[Captioned web images]
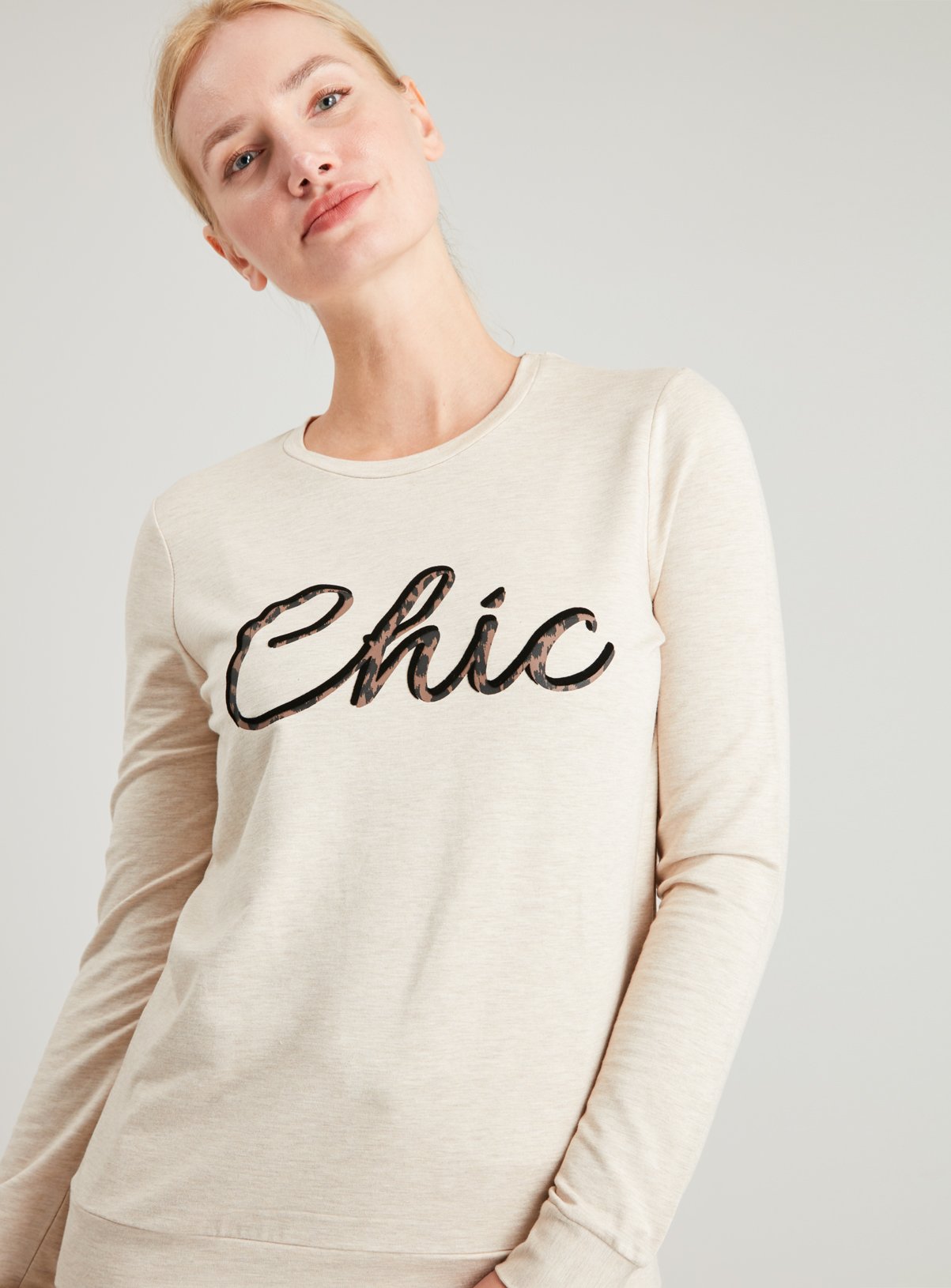 chic sweatshirt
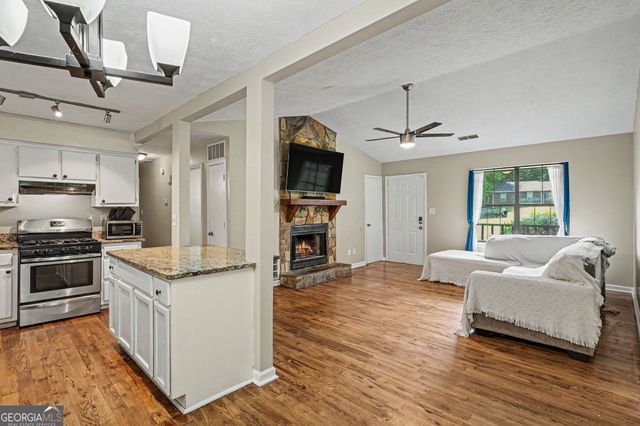 418 Sir Winston Court, Jonesboro, GA 30238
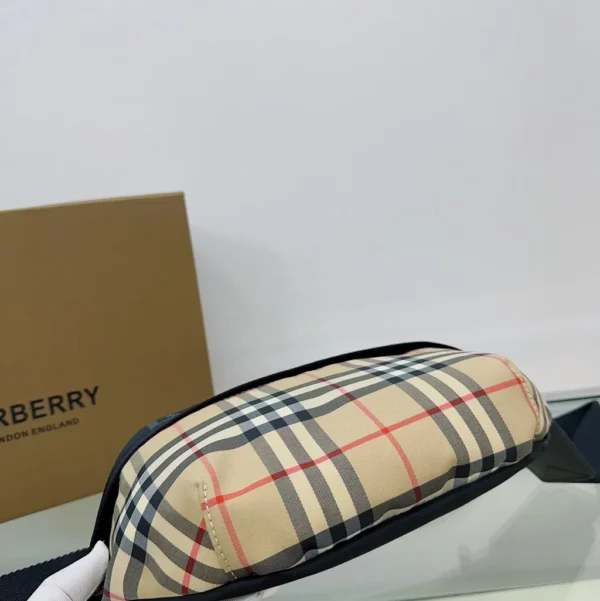 Burberry bag - rep bags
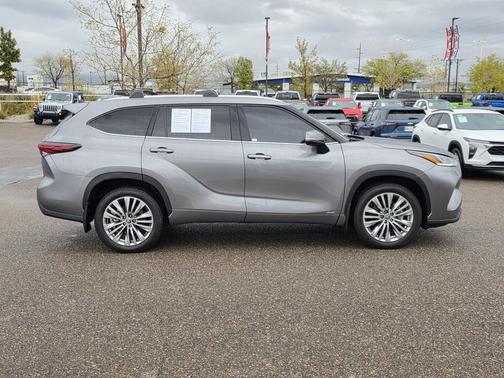 Heavy Metal 2026 Toyota Highlander Hybrid Platinum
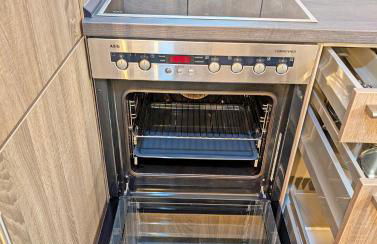 BesTime - Modernes 5BR Haus mit 2 Parkplätzen - Photo 13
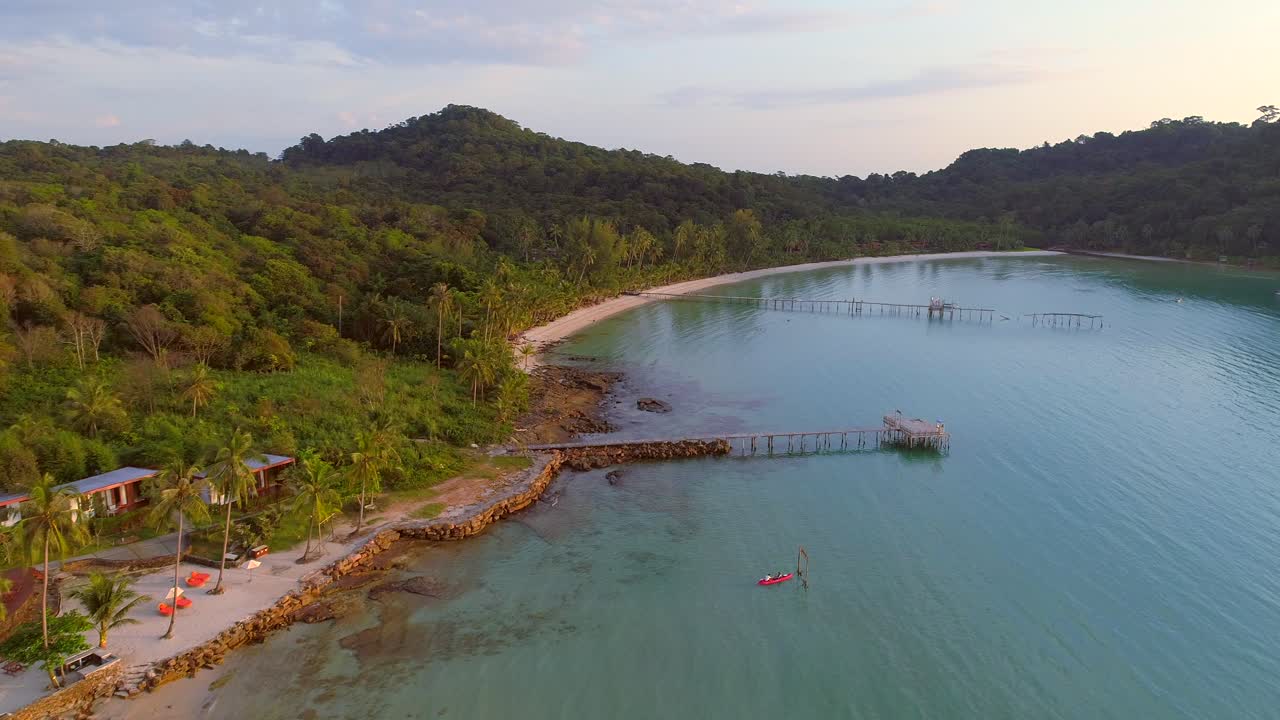 volando sobre el muelle de madera de koh kut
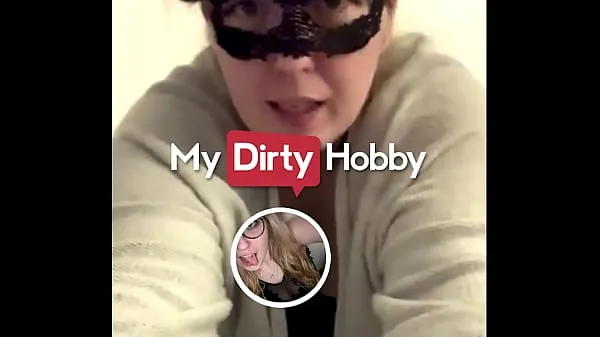 Velké CurvySecret) Puts A Butt Plug For The First Time In Her Tight Asshole Loves It - My Dirty Hobby nejlepší klipy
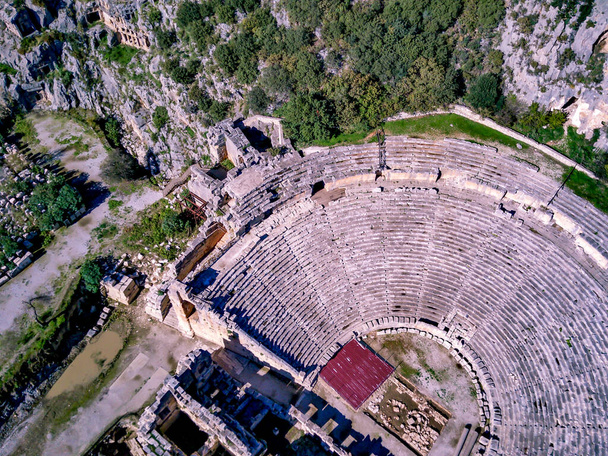 Лікійський амфітеатр і гробниці в Мірі (Демре, Туреччина).) - Фото, зображення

**YOUR OBJECTIVE**. Could you copy out every record exactly, minus the pictures?

**RESPONSE AREA**.
 chic sweatshirt
 418 Sir Winston Court, Jonesboro, GA 30238
 Burberry bag - rep bags
 Heavy Metal 2026 Toyota Highlander Hybrid Platinum
 BesTime - Modernes 5BR Haus mit 2 Parkplätzen - Photo 13
 volando sobre el muelle de madera de koh kut
 Velké CurvySecret) Puts A Butt Plug For The First Time In Her Tight Asshole Loves It - My Dirty Hobby nejlepší klipy
 Лікійський амфітеатр і гробниці в Мірі (Демре, Туреччина).) - Фото, зображення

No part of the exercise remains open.